Branch railway line in Northern Ireland

The Coleraine–Portrush line is a short railway branch line in Northern Ireland, connecting the town of Coleraine in County Londonderry to the seaside resort of Portrush in County Antrim. Operated by NI Railways and referred to as the Portrush Line, it links to the main Belfast–Derry line at Coleraine, with intermediate halts at University and Dhu Varren.

==History==
The Coleraine–Portrush line traces its origins to the mid-19th century, authorised in 1853 as part of the Ballymena, Ballymoney, Coleraine and Portrush Junction Railway. Engineered by Charles Lanyon and constructed by the contractor William Dargan, the line opened in 1855, initially serving as a junction for the Derry line at Coleraine after 1860. A notable feature of its early years was the Portstewart Tramway, linked via the intermediate station at Cromore, which closed in 1964, briefly reopened in 1968, and shuttered permanently in 1988.

During the 1960s, winter services were until the establishment of the New University of Ulster (now Ulster University) near Coleraine prompted their revival in 1968. To accommodate student travel, new halts at University (1968) and Dhu Varren (1969) were introduced. Despite infrastructure decline in the 1980s and 1990s, strategic upgrades in the 2000s, including platform extensions and station modernisations, ensured the line's survival for both commuters and tourists.

==Services==
On weekdays, the first two morning trains from Portrush operate as direct services to Belfast Grand Central Station, streamlining commutes to the capital. Subsequent departures run hourly between Portrush and Coleraine, with transfers at Coleraine for services to all stations on the Derry~Londonderry line. Saturdays replicate this pattern, while Sundays offer hourly Portrush–Coleraine shuttles, augmented by two-hourly extensions to Belfast. Passengers bound for Castlerock, Bellarena, or Derry~Londonderry Waterside must transfer daily at Coleraine, as these destinations lie on the main Belfast–Derry line.

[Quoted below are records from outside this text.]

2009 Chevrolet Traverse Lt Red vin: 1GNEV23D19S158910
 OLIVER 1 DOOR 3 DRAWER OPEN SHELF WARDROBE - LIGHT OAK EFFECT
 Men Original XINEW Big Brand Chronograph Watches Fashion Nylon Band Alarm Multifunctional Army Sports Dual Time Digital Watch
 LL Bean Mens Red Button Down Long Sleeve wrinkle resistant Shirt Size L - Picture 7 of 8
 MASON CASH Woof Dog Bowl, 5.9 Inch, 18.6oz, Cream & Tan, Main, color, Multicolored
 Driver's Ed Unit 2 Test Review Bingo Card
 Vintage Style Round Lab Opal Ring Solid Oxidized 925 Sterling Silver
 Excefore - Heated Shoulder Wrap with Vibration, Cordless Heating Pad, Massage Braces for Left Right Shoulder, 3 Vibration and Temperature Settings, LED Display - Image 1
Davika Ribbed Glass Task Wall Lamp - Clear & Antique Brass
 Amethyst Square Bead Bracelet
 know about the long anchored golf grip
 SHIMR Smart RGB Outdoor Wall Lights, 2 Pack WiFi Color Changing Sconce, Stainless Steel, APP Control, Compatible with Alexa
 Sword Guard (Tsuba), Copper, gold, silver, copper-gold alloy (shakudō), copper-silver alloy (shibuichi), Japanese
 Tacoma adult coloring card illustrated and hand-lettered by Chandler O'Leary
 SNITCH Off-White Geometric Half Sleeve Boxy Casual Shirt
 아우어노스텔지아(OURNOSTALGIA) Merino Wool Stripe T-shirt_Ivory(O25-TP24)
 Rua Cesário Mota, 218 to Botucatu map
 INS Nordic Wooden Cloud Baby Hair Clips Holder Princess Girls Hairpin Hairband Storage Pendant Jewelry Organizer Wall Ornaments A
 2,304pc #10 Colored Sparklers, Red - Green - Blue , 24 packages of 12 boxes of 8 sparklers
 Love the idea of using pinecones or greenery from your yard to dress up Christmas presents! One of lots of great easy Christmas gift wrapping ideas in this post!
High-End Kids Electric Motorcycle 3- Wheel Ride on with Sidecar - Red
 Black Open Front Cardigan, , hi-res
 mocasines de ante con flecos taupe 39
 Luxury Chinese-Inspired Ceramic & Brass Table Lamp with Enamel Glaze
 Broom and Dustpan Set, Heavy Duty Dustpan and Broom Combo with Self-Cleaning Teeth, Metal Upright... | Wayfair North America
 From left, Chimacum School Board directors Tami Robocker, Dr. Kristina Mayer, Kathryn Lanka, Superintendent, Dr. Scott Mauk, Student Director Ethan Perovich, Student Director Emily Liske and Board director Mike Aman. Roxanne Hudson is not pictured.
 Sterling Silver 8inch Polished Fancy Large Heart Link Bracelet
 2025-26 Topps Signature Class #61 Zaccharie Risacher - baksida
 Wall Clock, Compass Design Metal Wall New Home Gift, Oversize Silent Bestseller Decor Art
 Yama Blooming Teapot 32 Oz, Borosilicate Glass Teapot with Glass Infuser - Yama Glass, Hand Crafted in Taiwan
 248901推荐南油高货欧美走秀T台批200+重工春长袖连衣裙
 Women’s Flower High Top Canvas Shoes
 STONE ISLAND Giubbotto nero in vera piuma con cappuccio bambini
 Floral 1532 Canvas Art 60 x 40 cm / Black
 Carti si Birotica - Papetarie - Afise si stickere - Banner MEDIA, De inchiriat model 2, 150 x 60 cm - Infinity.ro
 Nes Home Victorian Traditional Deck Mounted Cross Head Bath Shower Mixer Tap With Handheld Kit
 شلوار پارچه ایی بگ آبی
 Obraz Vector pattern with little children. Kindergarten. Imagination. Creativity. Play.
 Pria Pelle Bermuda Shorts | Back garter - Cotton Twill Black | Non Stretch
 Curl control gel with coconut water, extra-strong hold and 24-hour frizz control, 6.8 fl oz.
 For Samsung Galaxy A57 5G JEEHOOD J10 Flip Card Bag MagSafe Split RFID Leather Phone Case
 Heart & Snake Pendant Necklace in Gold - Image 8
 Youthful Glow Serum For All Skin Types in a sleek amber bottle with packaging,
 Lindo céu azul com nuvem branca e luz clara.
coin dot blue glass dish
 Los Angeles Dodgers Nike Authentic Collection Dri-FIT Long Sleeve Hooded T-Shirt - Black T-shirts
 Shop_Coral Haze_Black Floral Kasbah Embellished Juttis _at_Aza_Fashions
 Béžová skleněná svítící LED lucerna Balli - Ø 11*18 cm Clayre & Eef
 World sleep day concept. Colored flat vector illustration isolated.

== Infrastructure and modernisation ==

=== Portrush station upgrade (2019) ===
The old concrete station was replaced in 2019 with a contemporary facility designed by Gregory Architects. Featuring floor-to-ceiling glass walls, coloured facade panels, and skylights, the station prioritises natural light and accessibility. While ticket gates are absent, it supports Translink’s updated ticketing systems.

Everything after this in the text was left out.